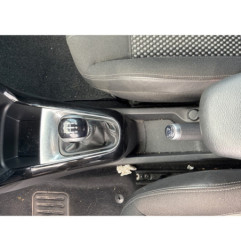 CITROEN DS3 PHASE 1 1.6 HDI - 8V TURBO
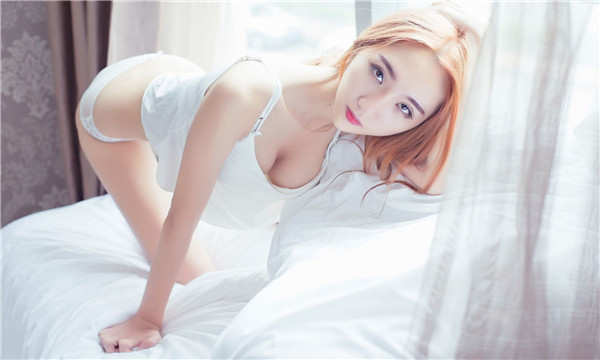 红桥生男孩试管婴儿｜什么是生男孩试管婴儿呢？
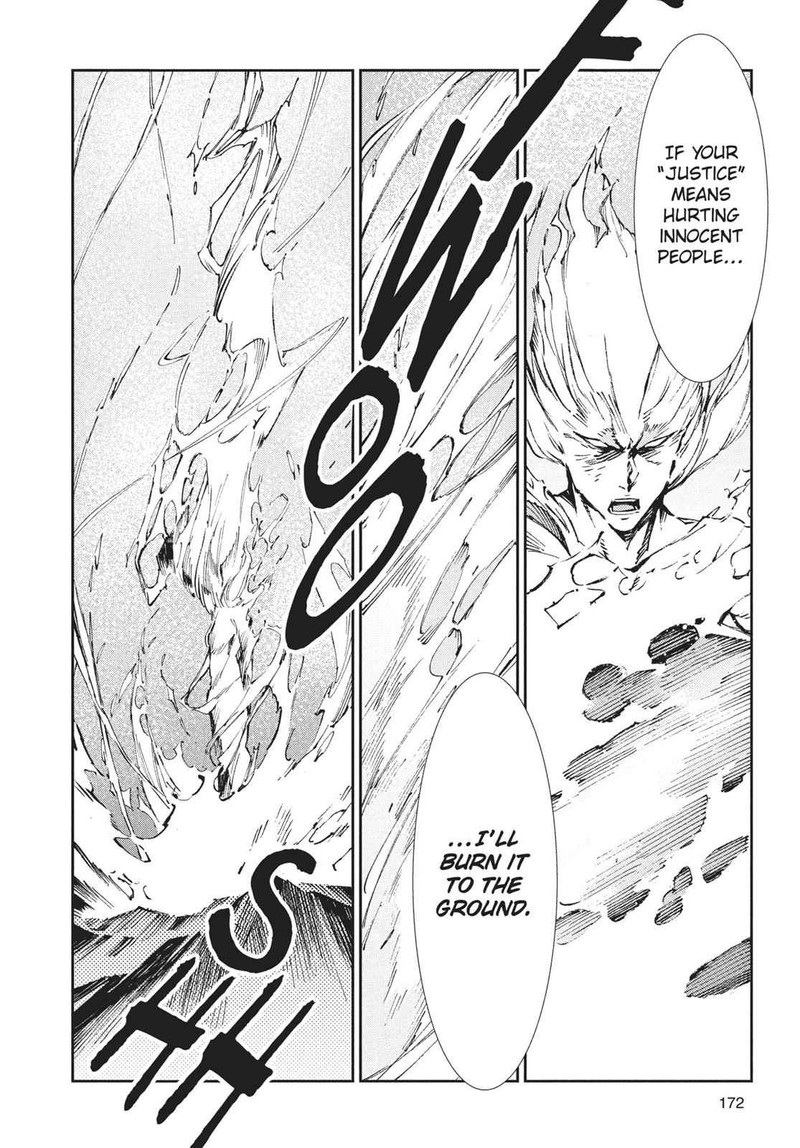 Ultraman Chapter 70 Page 26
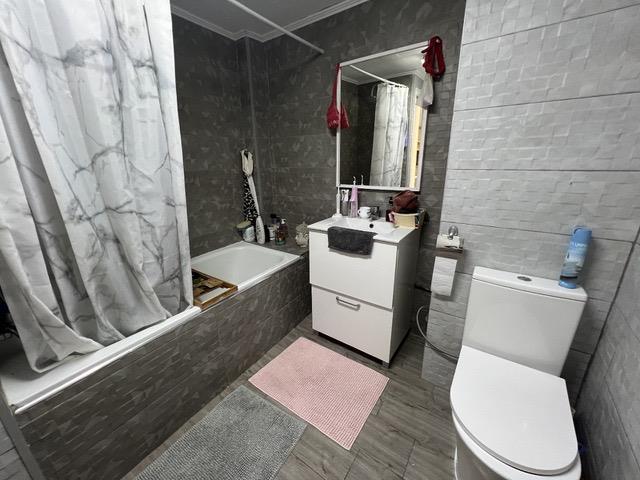 Image No.36-Maison / Villa de 4 chambres à vendre à La Zenia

######

» Your assignment: Word for word, repeat the lines of data above, omitting every picture.

» Output of the exercise:
 CITROEN DS3 PHASE 1 1.6 HDI - 8V TURBO
 红桥生男孩试管婴儿｜什么是生男孩试管婴儿呢？
 Ultraman Chapter 70 Page 26
 Image No.36-Maison / Villa de 4 chambres à vendre à La Zenia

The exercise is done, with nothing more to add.